Recorded data -
-------
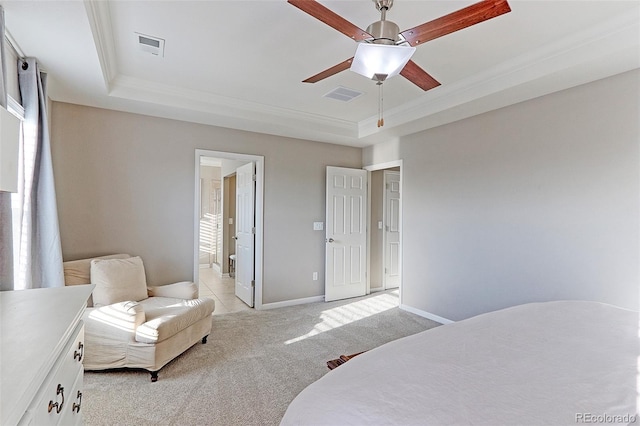 bedroom with a tray ceiling, ceiling fan, connected bathroom, ornamental molding, and light colored carpet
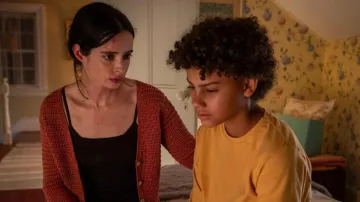 Mesh cardigan worn by Lucy (Krysten Ritter) as seen in Orphan Black: Echoes TV series outfits (Season 1)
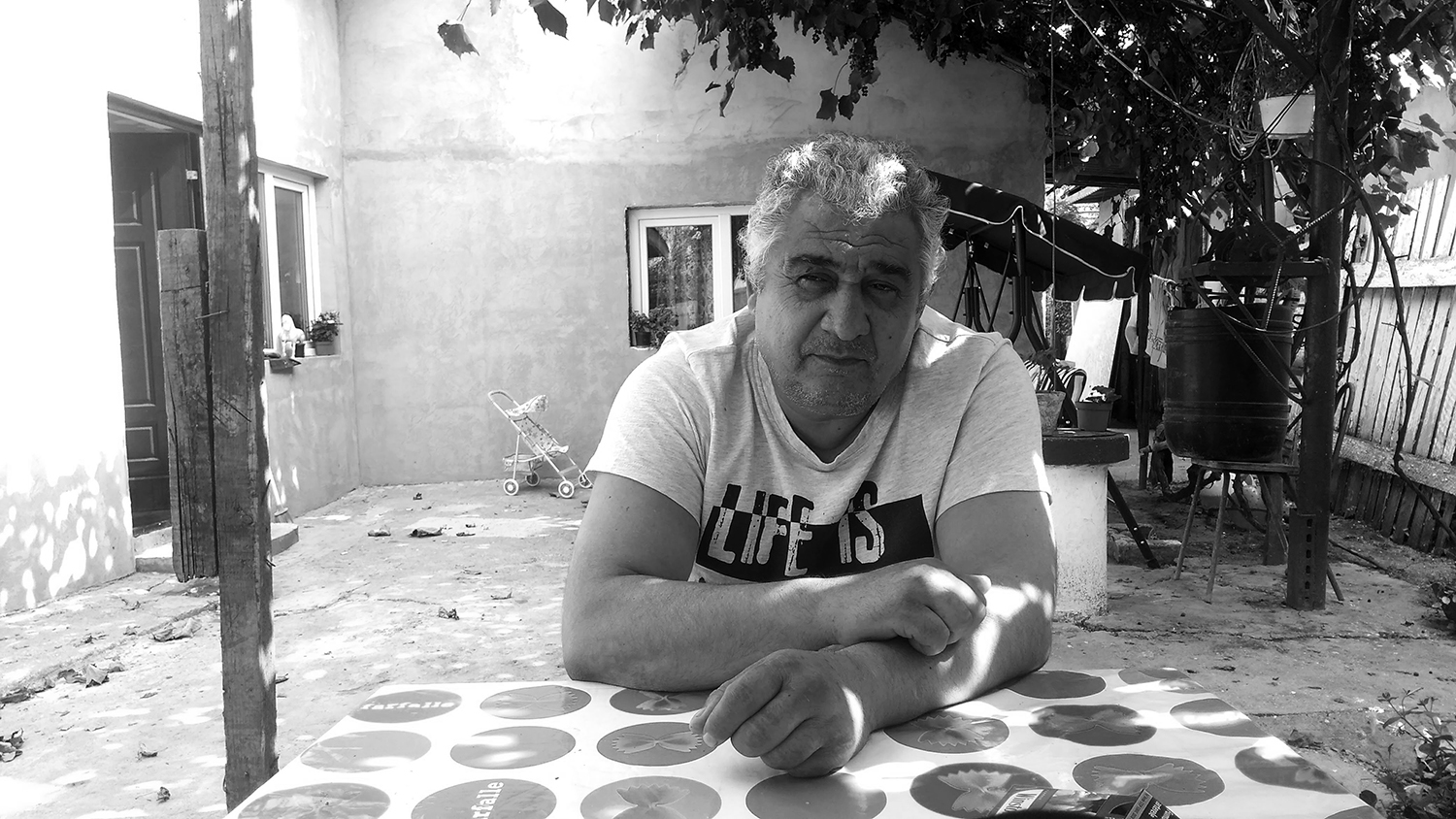 Black and white frontal shot of Gheorghe looking into the camera. He is sitting at a table in the courtyard of his house. In the background, we see the house and a swingset. To the right of the picture and above, there is a vineyard.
-------
Please write out the entire listing above exactly, but leave the pictures out.

 bedroom with a tray ceiling, ceiling fan, connected bathroom, ornamental molding, and light colored carpet
 Mesh cardigan worn by Lucy (Krysten Ritter) as seen in Orphan Black: Echoes TV series outfits (Season 1)
 Black and white frontal shot of Gheorghe looking into the camera. He is sitting at a table in the courtyard of his house. In the background, we see the house and a swingset. To the right of the picture and above, there is a vineyard.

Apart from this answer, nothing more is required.